Breves abismos emocionais onde você caiu e seu corpo nunca mais foi encontrado

grega

#Em primeiro lugar é preciso dizer que a culpa foi sua. Totalmente sua. Ela quis relacionamento e você disse que precisava de espaço, ela quis intimidade e você foi evasivo, ela quis apenas que você pegasse um pouco mais leve mas não dava pra ouvir através do barulho que a betoneira metafórica onde você transportava um hipopótamo metafórico estava metaforicamente fazendo ao passar pela metafórica estrada de chumbo.

E não rolou. De comum acordo, num clima que nem era ruim, como numa conversa entre ex-bbbs onde todos decidiram que iam se dedicar a outros projetos e todo mundo tava muito bem, muito tranquilo. Todo mundo muito seguro da decisão e consciente da racionalidade de que era o melhor rumo a ser tomado diante daquela situação e qualquer empresa de consultoria estrangeira daria o mesmo parecer.
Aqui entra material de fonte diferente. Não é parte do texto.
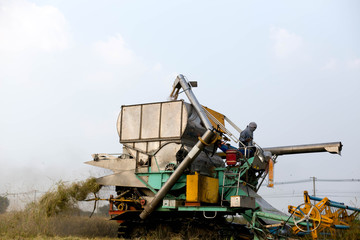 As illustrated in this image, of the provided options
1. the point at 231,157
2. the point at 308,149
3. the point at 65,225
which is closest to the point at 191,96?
the point at 231,157

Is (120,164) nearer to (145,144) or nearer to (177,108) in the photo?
(145,144)

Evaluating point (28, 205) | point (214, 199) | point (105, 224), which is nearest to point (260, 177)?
point (214, 199)

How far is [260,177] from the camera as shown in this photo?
12.0 m

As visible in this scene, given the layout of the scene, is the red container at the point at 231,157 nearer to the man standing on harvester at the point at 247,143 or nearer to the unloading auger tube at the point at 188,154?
the man standing on harvester at the point at 247,143

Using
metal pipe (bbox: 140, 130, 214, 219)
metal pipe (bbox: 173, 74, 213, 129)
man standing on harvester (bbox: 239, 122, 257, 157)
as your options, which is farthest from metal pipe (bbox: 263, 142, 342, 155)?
metal pipe (bbox: 140, 130, 214, 219)

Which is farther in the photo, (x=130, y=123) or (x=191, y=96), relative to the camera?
(x=130, y=123)

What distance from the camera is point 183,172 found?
1088cm

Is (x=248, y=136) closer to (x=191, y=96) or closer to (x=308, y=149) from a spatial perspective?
(x=308, y=149)

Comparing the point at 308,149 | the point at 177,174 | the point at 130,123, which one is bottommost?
the point at 177,174

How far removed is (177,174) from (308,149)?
13.5 ft

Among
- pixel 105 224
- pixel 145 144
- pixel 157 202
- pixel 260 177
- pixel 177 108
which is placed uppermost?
pixel 177 108

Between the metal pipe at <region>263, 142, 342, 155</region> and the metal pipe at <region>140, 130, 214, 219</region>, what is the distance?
10.5 ft

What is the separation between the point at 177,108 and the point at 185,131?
76 cm

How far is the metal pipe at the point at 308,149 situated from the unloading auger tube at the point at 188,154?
2834mm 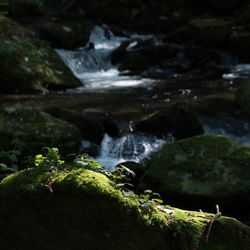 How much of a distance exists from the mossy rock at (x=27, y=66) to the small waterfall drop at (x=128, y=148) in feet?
15.3

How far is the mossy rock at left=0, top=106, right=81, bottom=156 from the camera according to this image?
7633 millimetres

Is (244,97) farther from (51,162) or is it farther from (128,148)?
(51,162)

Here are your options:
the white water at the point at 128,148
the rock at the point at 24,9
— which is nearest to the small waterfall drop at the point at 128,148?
the white water at the point at 128,148

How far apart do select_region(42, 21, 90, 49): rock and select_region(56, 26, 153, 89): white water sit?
39cm

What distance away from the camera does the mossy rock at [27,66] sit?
522 inches

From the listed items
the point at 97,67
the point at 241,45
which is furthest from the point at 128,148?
the point at 241,45

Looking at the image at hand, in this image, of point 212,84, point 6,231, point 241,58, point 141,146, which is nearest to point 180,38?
point 241,58

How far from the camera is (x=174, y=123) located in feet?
30.5

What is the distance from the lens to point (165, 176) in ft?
22.0

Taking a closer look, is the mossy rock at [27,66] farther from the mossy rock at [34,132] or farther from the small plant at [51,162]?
the small plant at [51,162]

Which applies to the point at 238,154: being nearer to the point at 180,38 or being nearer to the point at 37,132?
the point at 37,132

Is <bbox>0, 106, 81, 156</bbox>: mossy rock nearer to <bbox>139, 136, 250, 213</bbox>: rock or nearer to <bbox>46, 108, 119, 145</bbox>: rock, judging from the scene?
<bbox>46, 108, 119, 145</bbox>: rock

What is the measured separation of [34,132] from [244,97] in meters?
5.02

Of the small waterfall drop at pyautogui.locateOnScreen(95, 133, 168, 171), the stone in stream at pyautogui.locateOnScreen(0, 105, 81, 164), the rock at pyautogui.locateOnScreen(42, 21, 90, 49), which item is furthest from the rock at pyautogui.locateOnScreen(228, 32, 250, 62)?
the stone in stream at pyautogui.locateOnScreen(0, 105, 81, 164) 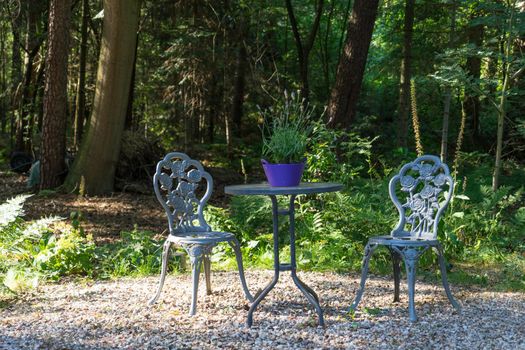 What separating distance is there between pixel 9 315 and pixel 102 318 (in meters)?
0.67

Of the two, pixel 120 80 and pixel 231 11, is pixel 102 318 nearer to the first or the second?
pixel 120 80

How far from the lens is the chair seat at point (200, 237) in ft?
13.2

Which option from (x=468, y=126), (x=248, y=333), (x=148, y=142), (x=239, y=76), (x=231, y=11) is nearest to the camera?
(x=248, y=333)

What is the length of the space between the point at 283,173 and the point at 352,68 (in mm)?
4775

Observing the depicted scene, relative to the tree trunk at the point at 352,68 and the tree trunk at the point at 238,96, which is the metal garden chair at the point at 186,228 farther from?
the tree trunk at the point at 238,96

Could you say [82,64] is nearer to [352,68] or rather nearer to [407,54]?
[407,54]

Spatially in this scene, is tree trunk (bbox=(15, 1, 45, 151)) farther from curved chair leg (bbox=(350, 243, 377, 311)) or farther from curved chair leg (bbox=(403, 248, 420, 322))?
curved chair leg (bbox=(403, 248, 420, 322))

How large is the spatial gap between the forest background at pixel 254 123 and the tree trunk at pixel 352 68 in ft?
0.06

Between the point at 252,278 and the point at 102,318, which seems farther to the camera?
the point at 252,278

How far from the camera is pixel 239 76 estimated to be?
642 inches

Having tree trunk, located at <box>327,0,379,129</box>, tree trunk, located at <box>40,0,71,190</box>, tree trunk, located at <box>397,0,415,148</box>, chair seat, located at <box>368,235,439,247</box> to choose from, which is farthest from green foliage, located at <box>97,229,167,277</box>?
tree trunk, located at <box>397,0,415,148</box>

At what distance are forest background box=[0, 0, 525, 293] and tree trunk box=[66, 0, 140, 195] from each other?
0.02 m

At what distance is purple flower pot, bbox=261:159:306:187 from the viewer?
4004 mm

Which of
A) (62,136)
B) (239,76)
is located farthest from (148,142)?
(239,76) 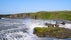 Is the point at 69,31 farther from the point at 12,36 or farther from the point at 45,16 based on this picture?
the point at 45,16

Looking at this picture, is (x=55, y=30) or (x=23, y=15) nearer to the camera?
(x=55, y=30)

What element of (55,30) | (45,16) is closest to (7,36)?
(55,30)

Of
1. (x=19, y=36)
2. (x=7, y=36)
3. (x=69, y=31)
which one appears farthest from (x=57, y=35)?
(x=7, y=36)

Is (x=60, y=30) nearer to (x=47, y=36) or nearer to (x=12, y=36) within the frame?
(x=47, y=36)

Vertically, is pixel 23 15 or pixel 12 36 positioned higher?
pixel 12 36

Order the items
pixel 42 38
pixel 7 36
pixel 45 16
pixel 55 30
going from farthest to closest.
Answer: pixel 45 16 → pixel 55 30 → pixel 42 38 → pixel 7 36

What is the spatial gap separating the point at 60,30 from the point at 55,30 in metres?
1.12

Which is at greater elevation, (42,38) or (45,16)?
(42,38)

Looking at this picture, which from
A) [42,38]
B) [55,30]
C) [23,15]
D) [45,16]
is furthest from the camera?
[23,15]

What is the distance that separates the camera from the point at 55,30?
120ft

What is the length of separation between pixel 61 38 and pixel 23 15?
14587 centimetres

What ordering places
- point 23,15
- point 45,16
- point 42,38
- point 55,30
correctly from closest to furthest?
point 42,38
point 55,30
point 45,16
point 23,15

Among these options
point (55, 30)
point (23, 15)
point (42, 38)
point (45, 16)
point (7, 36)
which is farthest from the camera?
point (23, 15)

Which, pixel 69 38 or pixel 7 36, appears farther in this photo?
pixel 69 38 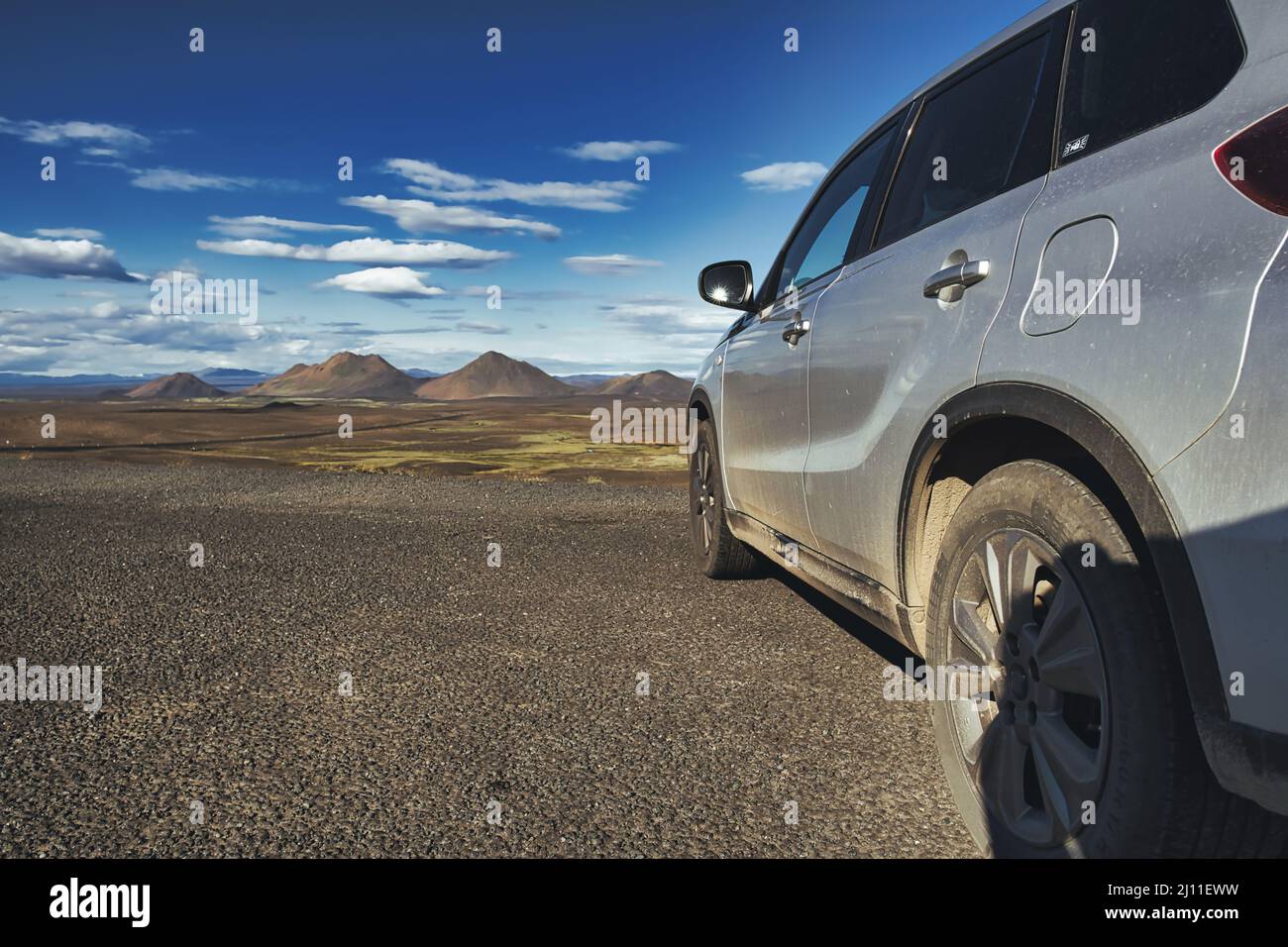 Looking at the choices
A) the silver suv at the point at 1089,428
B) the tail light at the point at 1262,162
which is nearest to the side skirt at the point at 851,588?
the silver suv at the point at 1089,428

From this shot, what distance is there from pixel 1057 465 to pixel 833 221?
7.06 ft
Até que você viu ela com outro cara mandando o famoso papinho.

Porque aí, amigo, aí bateu. Coração apertou, comichão forte na barriga, gastrite deu aquela chamada que você foi até procurar a caixa de comprimido que o médico mandou fazer na manipulação, você encomendou, buscou, nunca tinha usado. Enquanto suas sinapses eram corroídas pelo mais baixo ciúme que o ser humano já viu, sua mente pensando aquele maligno “o que ele tem que eu não tenho?” mas se recusando a aceitar a resposta (“um monte de vacilo a menos na conta”), tu se viu diante ali do famigerado dilema moral.

Era ciúme de sentimento? Era ali um apelo desesperado do seu coração dizendo que aquela pequena era a sua morena e outras rimas que o grupo Pixote teria feito? Ou era ciúme palhaçadinha, ciúme competiçãozinha de quem perdeu e agora não queria aguentar o parabéns? Ciente de que seja qual for a resposta você vai ter que respirar fundo, olhar pra frente e afogar o questionamento na latinha de Skol perdida na geladeira, você se permite só aquela última reflexão. “Tá aí, rapaz, grupo Pixote, puta pilar esquecido do pagode nacional”
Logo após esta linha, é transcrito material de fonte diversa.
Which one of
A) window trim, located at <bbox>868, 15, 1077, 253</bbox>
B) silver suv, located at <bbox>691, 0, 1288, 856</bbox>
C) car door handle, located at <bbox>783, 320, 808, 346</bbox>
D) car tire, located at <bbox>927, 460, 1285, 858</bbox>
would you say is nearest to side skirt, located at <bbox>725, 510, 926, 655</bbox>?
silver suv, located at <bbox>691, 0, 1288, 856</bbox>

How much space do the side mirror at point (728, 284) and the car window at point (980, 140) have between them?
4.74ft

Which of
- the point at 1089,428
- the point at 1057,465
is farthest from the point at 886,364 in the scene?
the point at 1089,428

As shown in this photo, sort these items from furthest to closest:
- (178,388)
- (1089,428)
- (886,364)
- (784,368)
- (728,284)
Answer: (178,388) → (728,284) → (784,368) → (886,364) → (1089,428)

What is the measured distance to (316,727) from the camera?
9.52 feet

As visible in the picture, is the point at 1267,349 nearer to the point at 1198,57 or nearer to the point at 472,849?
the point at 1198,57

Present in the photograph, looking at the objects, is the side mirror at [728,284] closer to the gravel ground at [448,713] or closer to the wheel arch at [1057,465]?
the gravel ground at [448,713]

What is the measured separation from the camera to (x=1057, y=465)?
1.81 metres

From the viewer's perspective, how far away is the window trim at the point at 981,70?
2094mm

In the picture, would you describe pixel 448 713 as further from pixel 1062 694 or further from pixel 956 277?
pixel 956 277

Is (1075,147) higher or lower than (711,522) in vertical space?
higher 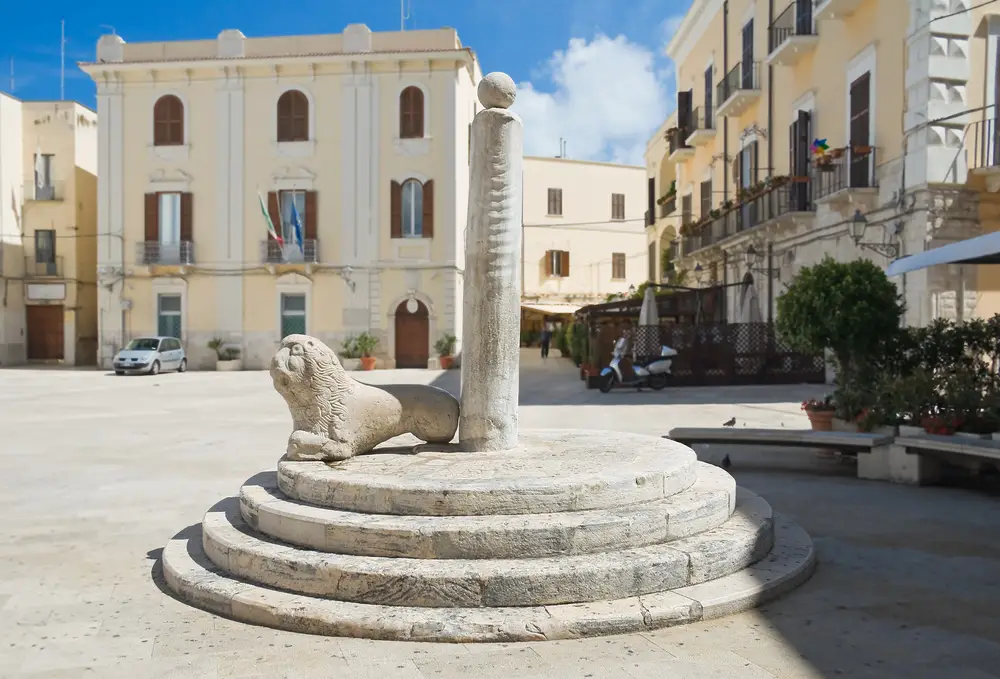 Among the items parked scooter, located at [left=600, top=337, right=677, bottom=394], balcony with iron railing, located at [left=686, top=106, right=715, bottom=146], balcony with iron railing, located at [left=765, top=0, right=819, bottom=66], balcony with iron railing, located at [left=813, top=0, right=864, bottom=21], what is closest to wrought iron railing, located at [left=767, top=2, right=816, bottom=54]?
balcony with iron railing, located at [left=765, top=0, right=819, bottom=66]

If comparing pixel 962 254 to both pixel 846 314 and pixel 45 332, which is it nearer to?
pixel 846 314

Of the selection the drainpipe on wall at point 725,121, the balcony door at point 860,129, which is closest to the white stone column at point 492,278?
the balcony door at point 860,129

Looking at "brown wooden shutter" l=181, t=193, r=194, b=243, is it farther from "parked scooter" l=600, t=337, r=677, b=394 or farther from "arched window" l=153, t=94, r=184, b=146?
"parked scooter" l=600, t=337, r=677, b=394

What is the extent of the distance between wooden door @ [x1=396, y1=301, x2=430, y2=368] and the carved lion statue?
68.9 feet

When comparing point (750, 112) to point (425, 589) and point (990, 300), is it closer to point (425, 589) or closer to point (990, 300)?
point (990, 300)

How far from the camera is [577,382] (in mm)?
19078

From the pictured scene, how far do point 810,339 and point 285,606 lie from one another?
22.9 ft

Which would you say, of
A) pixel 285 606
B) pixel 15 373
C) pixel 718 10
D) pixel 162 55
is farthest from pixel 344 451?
pixel 162 55

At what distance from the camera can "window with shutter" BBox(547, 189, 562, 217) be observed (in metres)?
39.6

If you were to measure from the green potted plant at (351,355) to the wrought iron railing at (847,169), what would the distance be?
48.6 ft

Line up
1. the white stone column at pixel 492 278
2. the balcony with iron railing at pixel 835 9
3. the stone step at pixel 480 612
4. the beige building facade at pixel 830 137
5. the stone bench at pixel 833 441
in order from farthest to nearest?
the balcony with iron railing at pixel 835 9 → the beige building facade at pixel 830 137 → the stone bench at pixel 833 441 → the white stone column at pixel 492 278 → the stone step at pixel 480 612

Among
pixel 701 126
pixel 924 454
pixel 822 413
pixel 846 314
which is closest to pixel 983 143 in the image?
pixel 846 314

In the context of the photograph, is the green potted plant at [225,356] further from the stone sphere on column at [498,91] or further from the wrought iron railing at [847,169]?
the stone sphere on column at [498,91]

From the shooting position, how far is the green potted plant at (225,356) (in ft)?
84.7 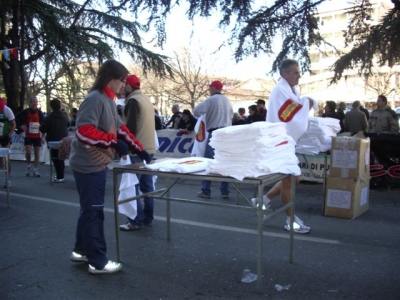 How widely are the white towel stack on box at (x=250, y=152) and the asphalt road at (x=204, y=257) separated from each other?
3.22 ft

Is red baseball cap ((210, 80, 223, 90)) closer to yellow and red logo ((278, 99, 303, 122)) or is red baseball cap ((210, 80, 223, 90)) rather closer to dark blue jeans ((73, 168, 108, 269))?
yellow and red logo ((278, 99, 303, 122))

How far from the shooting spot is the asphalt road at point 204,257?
3.57 metres

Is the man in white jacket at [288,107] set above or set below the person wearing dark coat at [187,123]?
above

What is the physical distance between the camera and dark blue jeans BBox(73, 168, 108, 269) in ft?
12.4

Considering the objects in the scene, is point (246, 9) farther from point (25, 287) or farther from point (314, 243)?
point (25, 287)

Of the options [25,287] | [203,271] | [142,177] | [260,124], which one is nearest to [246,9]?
[142,177]

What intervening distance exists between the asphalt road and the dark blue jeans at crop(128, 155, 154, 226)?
0.17 m

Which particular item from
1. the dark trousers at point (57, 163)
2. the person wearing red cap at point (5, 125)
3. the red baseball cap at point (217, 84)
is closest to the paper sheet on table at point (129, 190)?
the red baseball cap at point (217, 84)

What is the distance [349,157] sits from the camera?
236 inches

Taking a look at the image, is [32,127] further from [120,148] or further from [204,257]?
[204,257]

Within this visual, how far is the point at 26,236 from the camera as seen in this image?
A: 516 centimetres

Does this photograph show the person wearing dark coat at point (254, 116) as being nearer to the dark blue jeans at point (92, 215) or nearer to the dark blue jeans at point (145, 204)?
the dark blue jeans at point (145, 204)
#Não que você estivesse indo muito bem. Você é fraco de papo, não é bem provido de feição, toda abordagem sua é uma luta do homem contra as forças da natureza, um confronto com o ambiente hostil, um documentário do Discovery Channel sobre um lagarto que cresceu achando que era uma girafa e sinceramente já era pra ter desistido o bichinho. Mas tava rolando. A garota era daquelas de coração grande, paciência imensa, espírito tão puro e tanta boa vontade que devia ajudar a empurrar Scania quebrada com vestido de festa logo antes do casamento da irmã só pra ver o caminhoneiro sorrir. Vestido claro, pra você ter ideia.
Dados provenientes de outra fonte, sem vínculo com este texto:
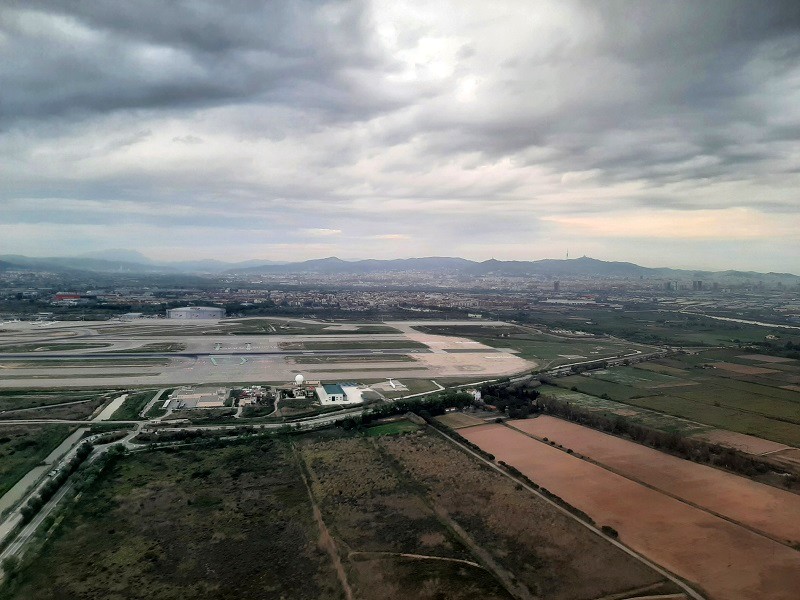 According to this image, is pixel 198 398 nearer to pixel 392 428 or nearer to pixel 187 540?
pixel 392 428

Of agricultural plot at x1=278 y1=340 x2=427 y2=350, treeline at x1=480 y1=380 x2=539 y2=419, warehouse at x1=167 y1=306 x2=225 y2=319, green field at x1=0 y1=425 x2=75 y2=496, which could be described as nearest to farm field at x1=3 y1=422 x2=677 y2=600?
green field at x1=0 y1=425 x2=75 y2=496

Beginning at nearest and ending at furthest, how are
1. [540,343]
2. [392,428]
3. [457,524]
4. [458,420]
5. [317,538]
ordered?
[317,538] < [457,524] < [392,428] < [458,420] < [540,343]

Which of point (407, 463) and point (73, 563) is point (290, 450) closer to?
point (407, 463)

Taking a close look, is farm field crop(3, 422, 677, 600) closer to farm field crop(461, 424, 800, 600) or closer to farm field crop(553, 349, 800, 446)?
farm field crop(461, 424, 800, 600)

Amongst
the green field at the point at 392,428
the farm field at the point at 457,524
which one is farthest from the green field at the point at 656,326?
the farm field at the point at 457,524

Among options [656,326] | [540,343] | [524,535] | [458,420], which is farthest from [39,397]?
[656,326]

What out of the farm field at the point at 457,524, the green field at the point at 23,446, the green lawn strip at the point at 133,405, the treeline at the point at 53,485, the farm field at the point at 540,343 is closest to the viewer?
the farm field at the point at 457,524

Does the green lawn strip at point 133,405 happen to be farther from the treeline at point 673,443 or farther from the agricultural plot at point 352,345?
the treeline at point 673,443

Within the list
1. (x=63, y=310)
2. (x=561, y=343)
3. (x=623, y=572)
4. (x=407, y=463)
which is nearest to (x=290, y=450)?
(x=407, y=463) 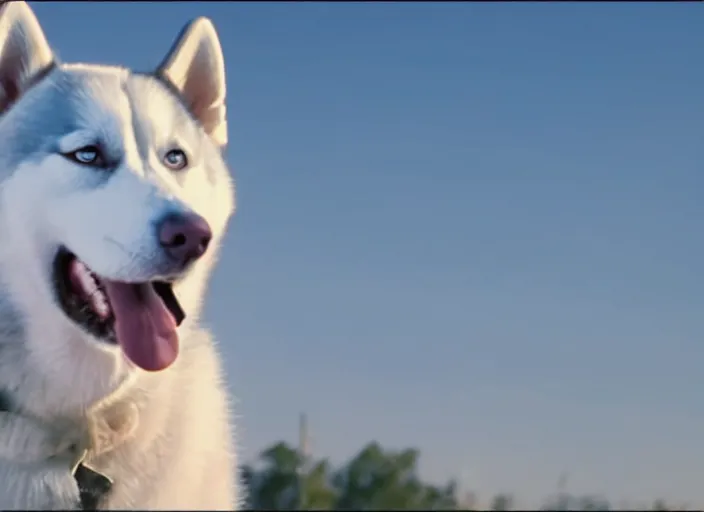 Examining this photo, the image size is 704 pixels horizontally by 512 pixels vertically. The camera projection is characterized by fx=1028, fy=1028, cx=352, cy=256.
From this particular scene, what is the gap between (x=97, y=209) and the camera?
2023mm

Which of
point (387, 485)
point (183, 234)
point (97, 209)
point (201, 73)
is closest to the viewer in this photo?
point (183, 234)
Mas ela estava dando aquela vaga abertura e você tava lá. Aquela piadinha, aquela conversinha, ela falava dela, você falava de você, a garota era interessante feito temporada nova de seriado favorito, ela ria das besteiras que você falava, o chat rolava bacana e o seu monociclo emocional descia suave a ladeirinha que leva da conversa descompromissada pro flerte sutil.

Você tava otimista? Não tava, que otimismo é o refúgio dos desinformados. Mas tava pessimista? Seria exagero também dizer que tava, pois exibia aquele sorriso no rosto do cético que duvida do milagre mas se Jesus aparecer já vai chegar abraçando. Até que após uma mensagem sua o papo cessa, a conversa esgota, o retorno é zero, a comunicação é cortada como numa estação de pesquisa localizada num pólo num daqueles filmes de monstro sessão da tarde fodidão. A mensagem tá visualizada, a interação virtual dela com o mundo prossegue, prestadora NET confirma que na cidade dela a fibra ótica tá lá firme e forte, tá dando pra jogar altos multiplayer sem delay, mas resposta pra você é nada.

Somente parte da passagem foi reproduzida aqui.